= Supplied information =
━━━━━━━━━━━━━━━━
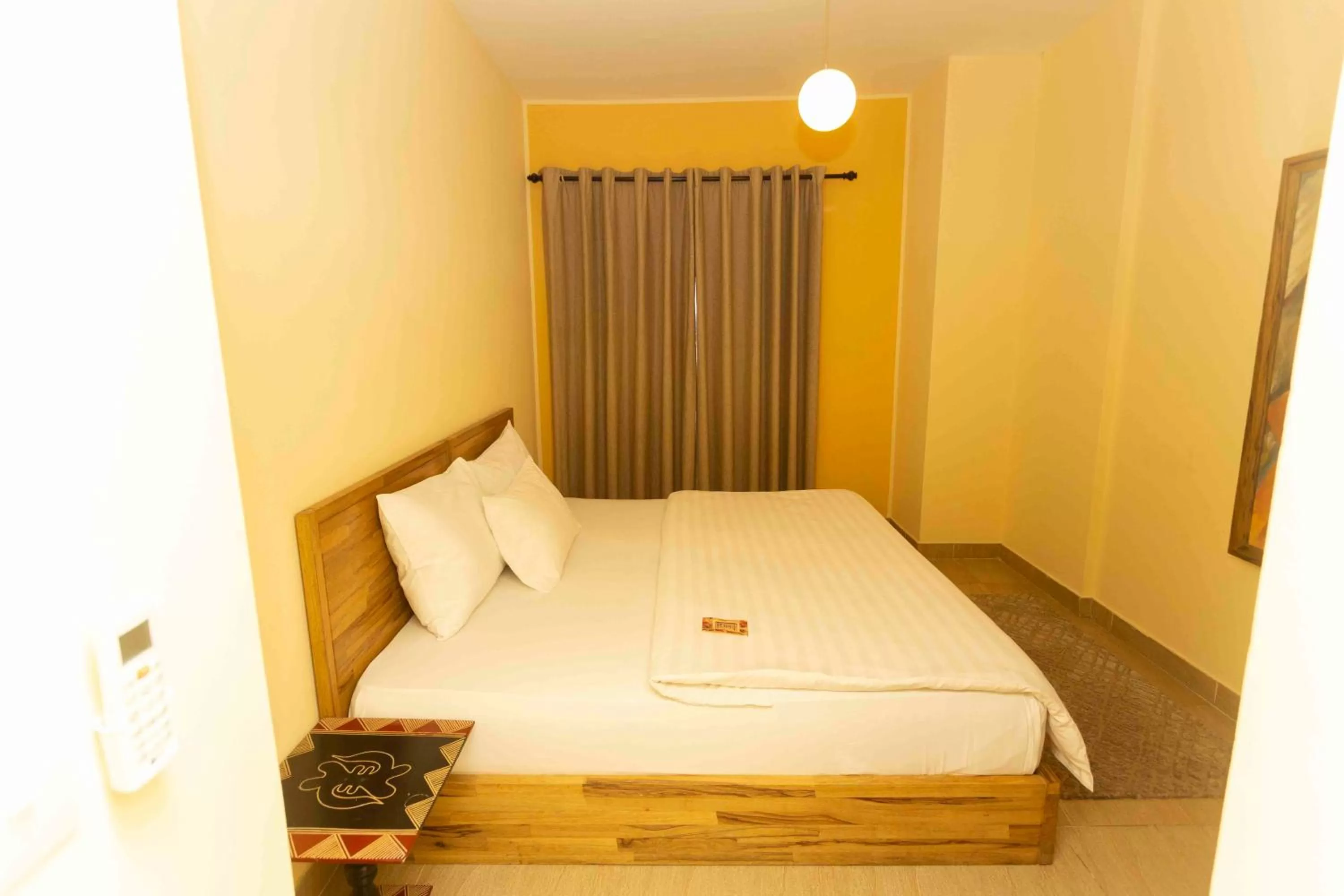 Bed in Roots Hotel Apartment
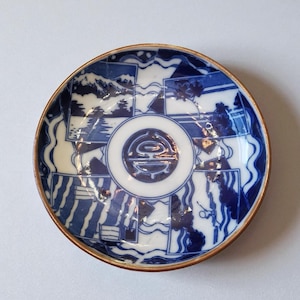 May include: A round, blue and white ceramic plate with a brown rim. The plate features a central design and surrounding landscape scenes. The design includes mountains, trees, and water. The plate is approximately 6 inches in diameter.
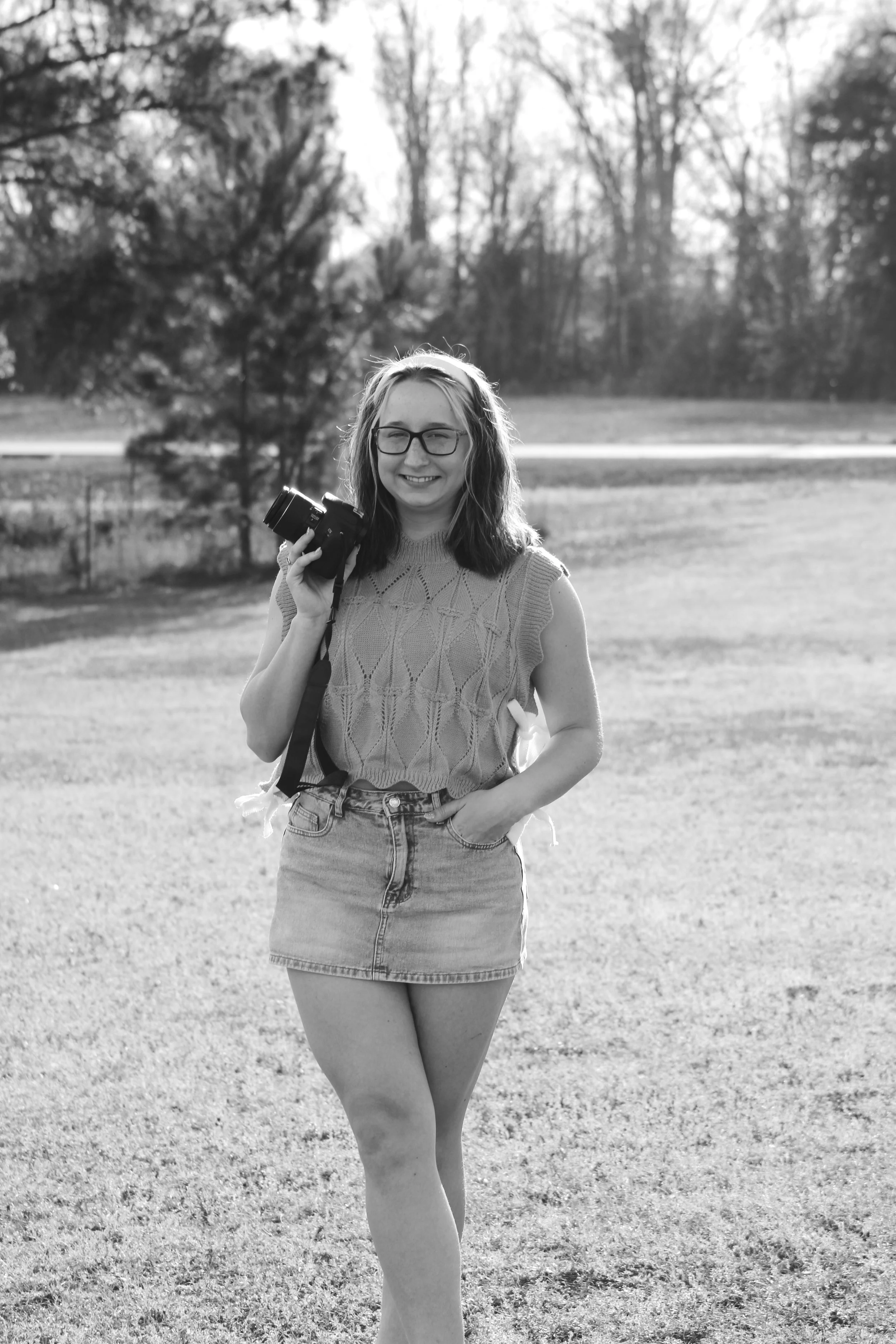 A woman standing outdoors in front of trees, holding a camera, smiling, wearing glasses, a sleeveless knitted top, and a denim skirt.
━━━━━━━━━━━━━━━━
= Your goal =
Reproduce the material in full, word for word, and omit the pictures.

= Result for this task =
 Bed in Roots Hotel Apartment
 May include: A round, blue and white ceramic plate with a brown rim. The plate features a central design and surrounding landscape scenes. The design includes mountains, trees, and water. The plate is approximately 6 inches in diameter.
 A woman standing outdoors in front of trees, holding a camera, smiling, wearing glasses, a sleeveless knitted top, and a denim skirt.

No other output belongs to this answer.